> [What you should do]: Verbatim copy, pictures excluded: every line from the one with "Portable Clip Fan" through the final line of the data below, and no other line.

Captioned web images:
--
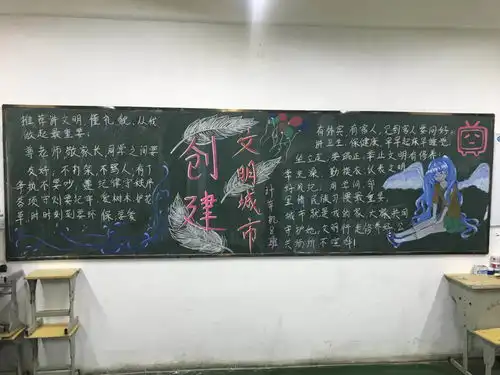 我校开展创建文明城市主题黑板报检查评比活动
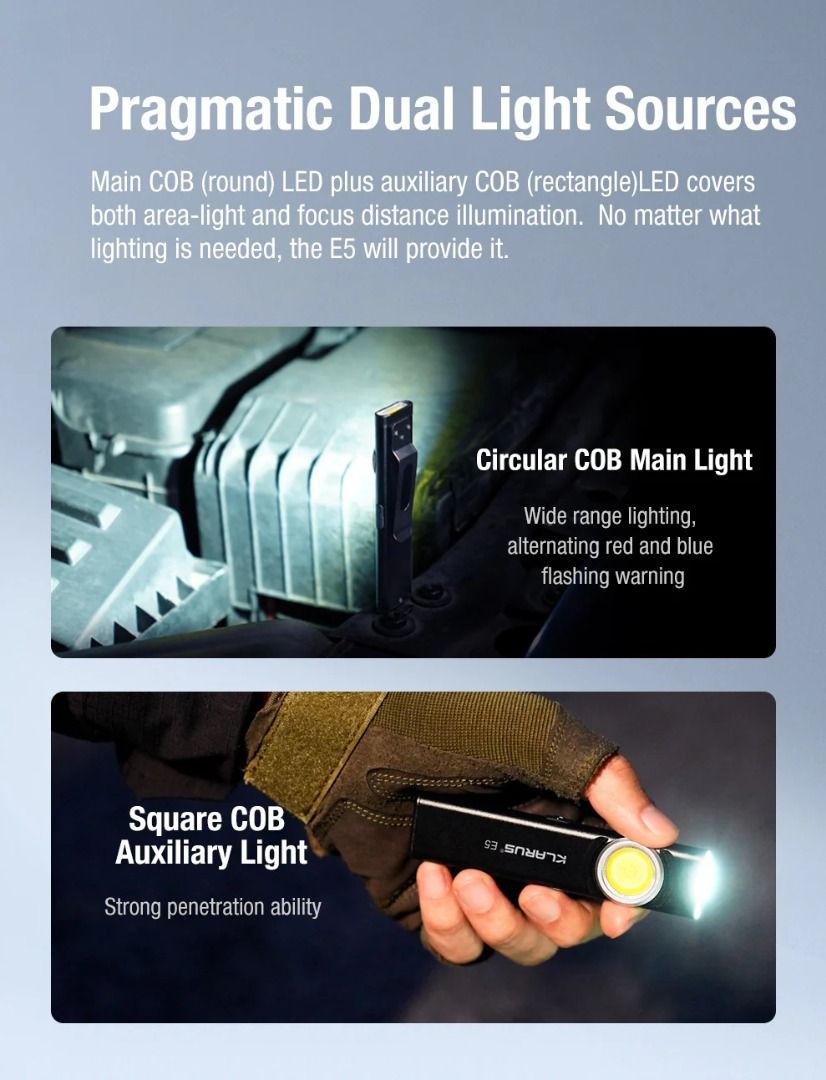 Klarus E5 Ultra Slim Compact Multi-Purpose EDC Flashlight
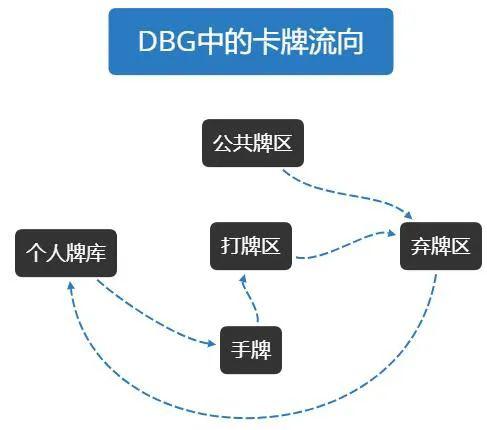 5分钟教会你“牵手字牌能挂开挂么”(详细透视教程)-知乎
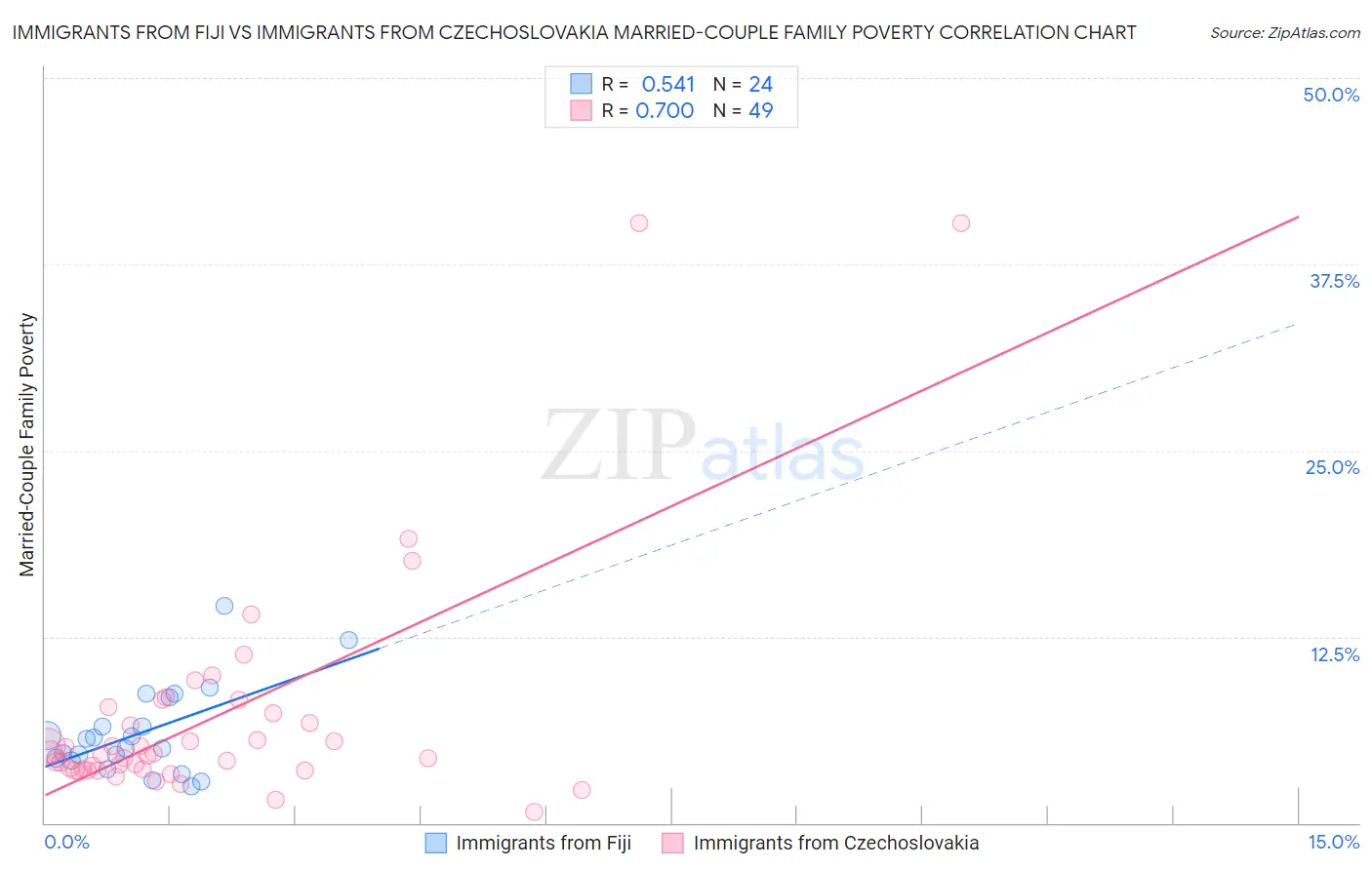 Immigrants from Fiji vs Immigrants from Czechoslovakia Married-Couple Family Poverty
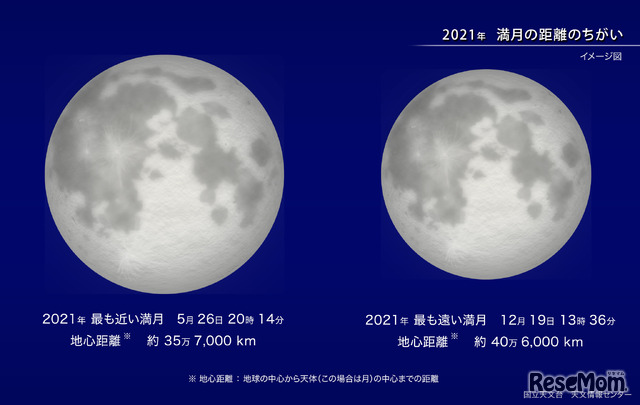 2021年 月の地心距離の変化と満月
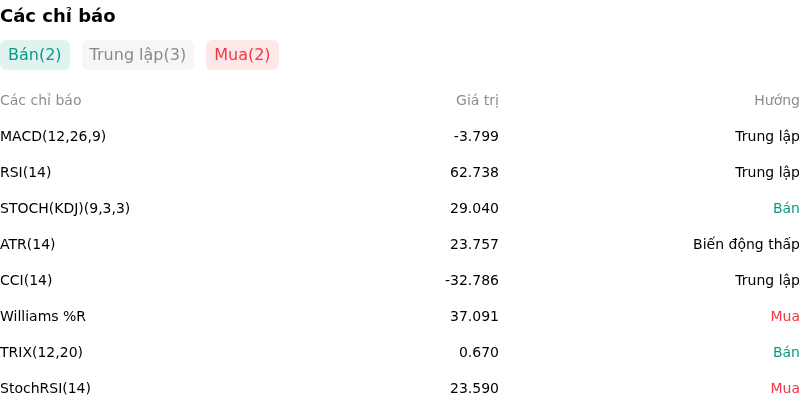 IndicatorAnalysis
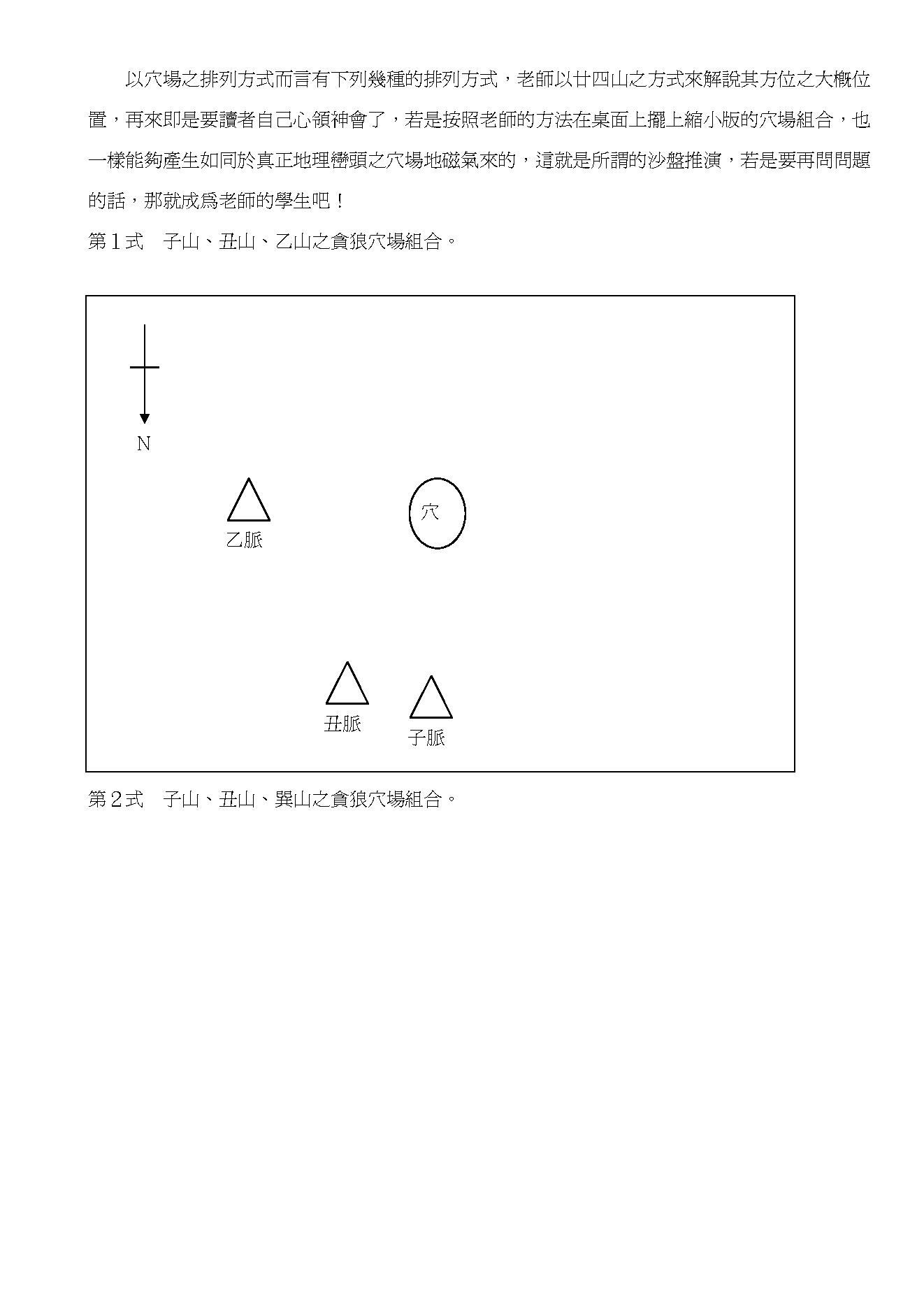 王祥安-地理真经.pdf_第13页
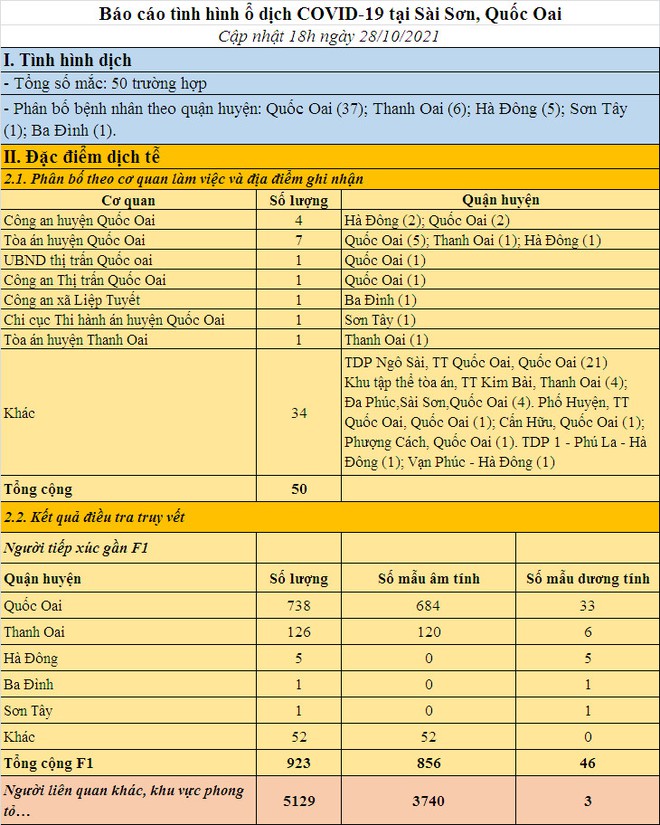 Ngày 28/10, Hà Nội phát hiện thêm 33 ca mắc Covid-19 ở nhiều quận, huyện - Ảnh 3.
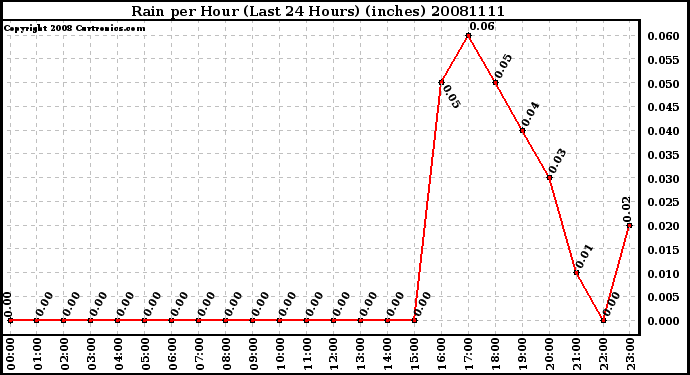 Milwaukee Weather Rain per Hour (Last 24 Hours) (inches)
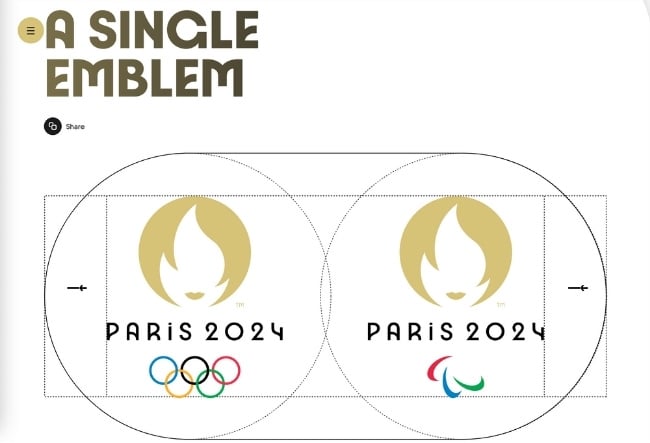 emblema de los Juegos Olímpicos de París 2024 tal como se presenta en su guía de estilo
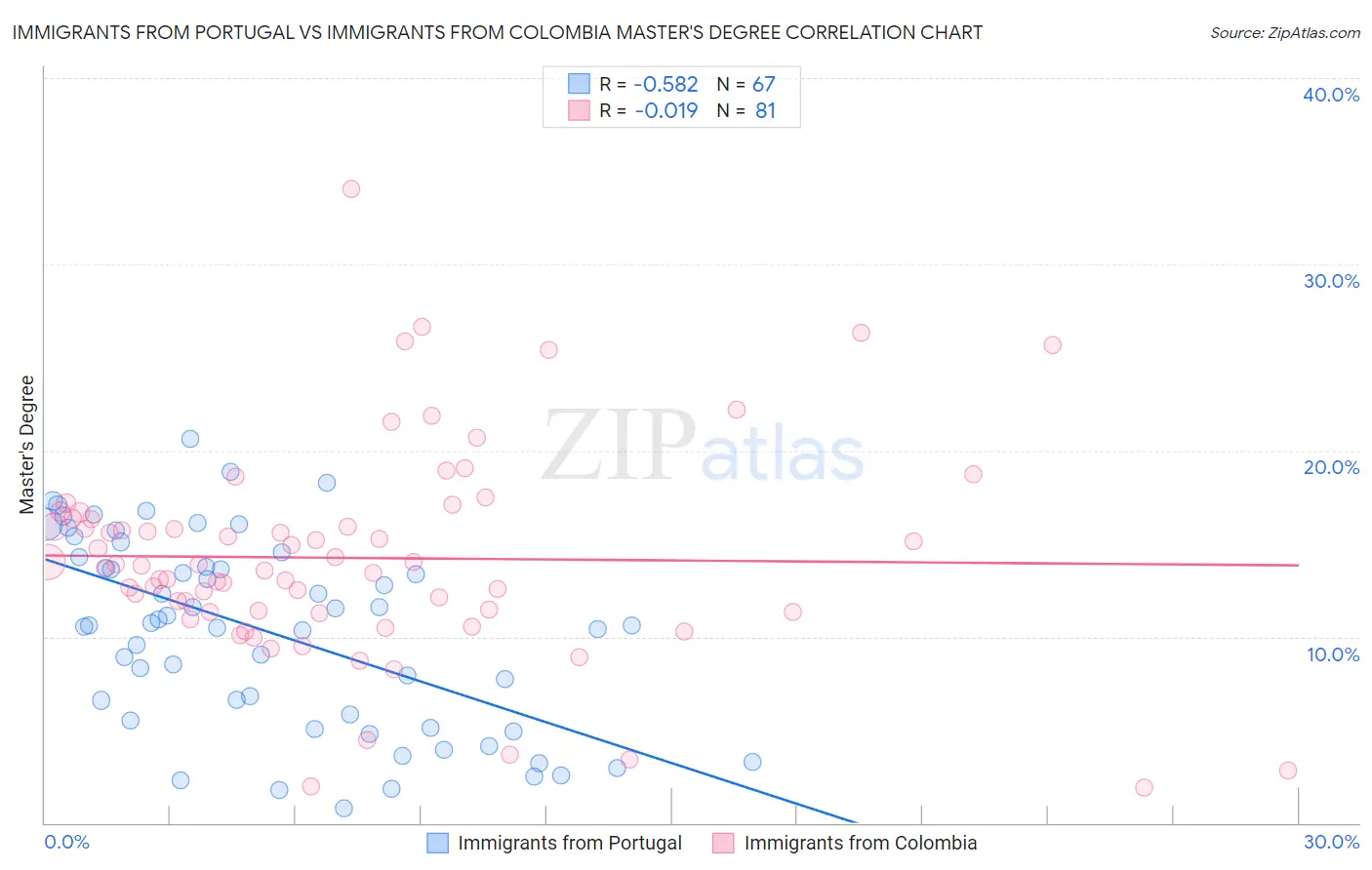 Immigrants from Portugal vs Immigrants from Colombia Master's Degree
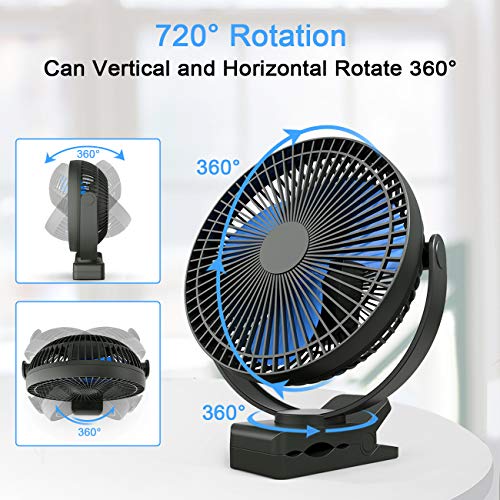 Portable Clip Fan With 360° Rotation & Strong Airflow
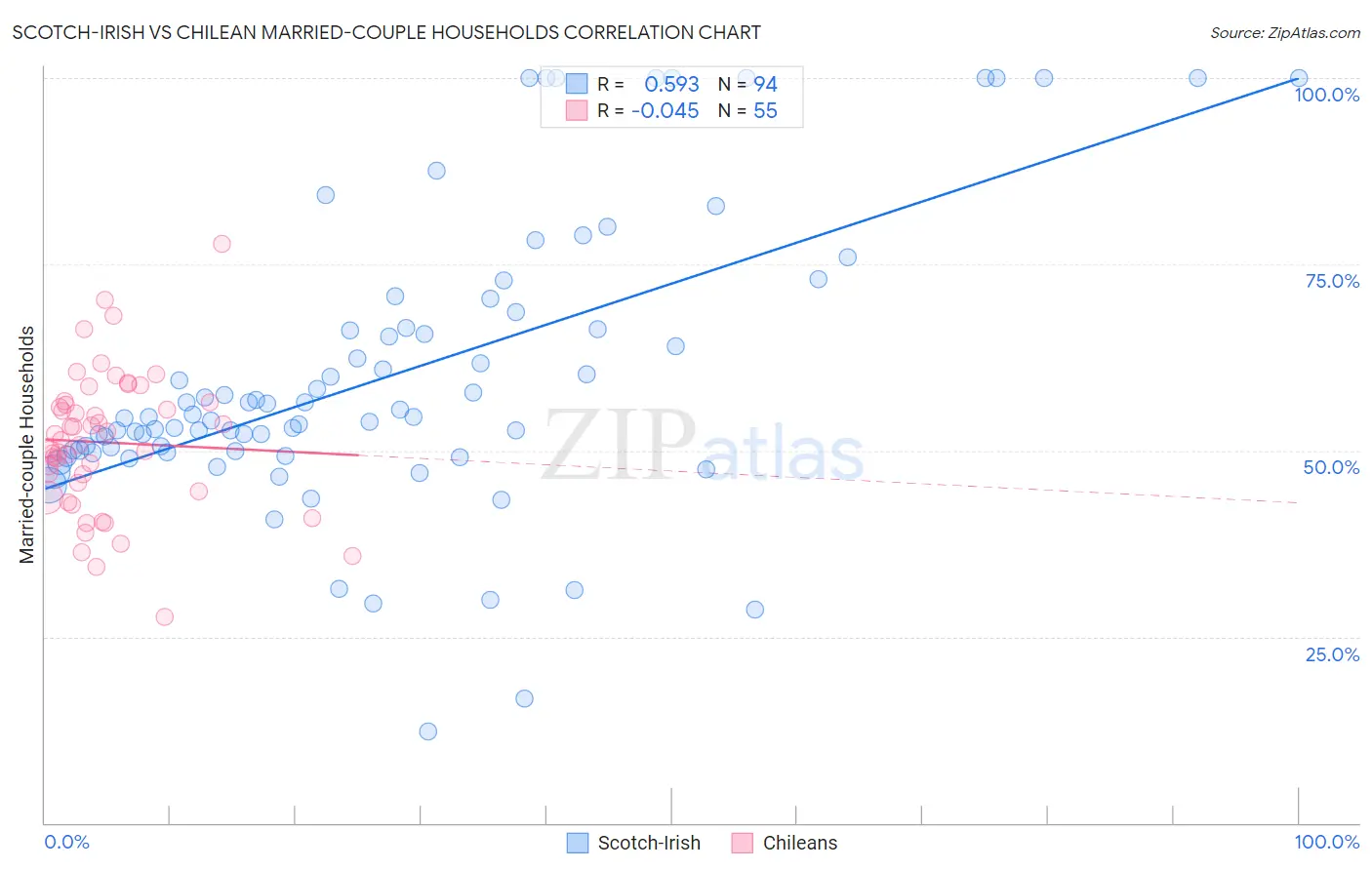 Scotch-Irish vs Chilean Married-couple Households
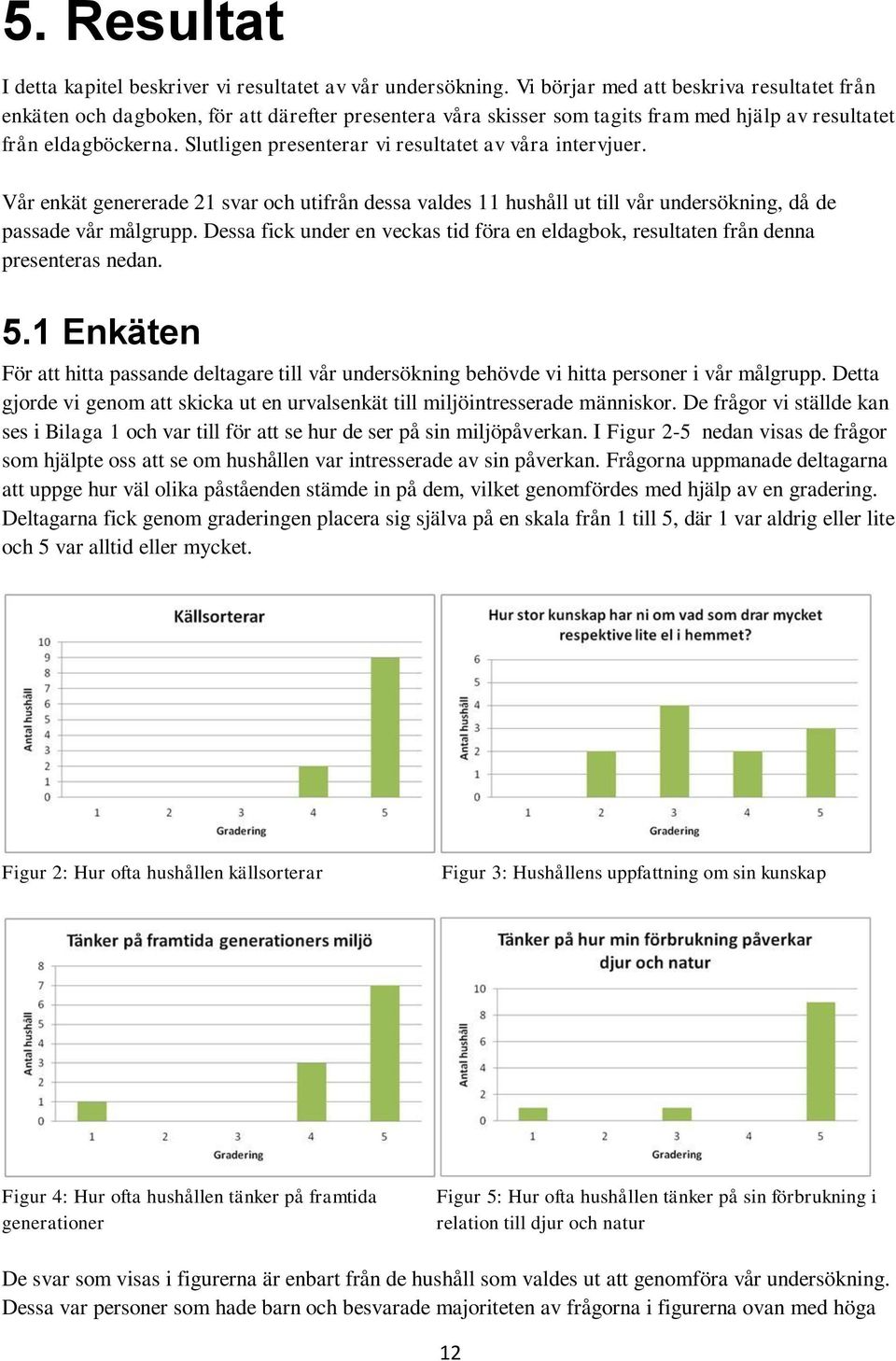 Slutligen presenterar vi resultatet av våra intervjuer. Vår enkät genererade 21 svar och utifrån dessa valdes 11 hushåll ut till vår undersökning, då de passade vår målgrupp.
--
> [Task result]:
 Portable Clip Fan With 360° Rotation & Strong Airflow
 Scotch-Irish vs Chilean Married-couple Households
 Slutligen presenterar vi resultatet av våra intervjuer. Vår enkät genererade 21 svar och utifrån dessa valdes 11 hushåll ut till vår undersökning, då de passade vår målgrupp.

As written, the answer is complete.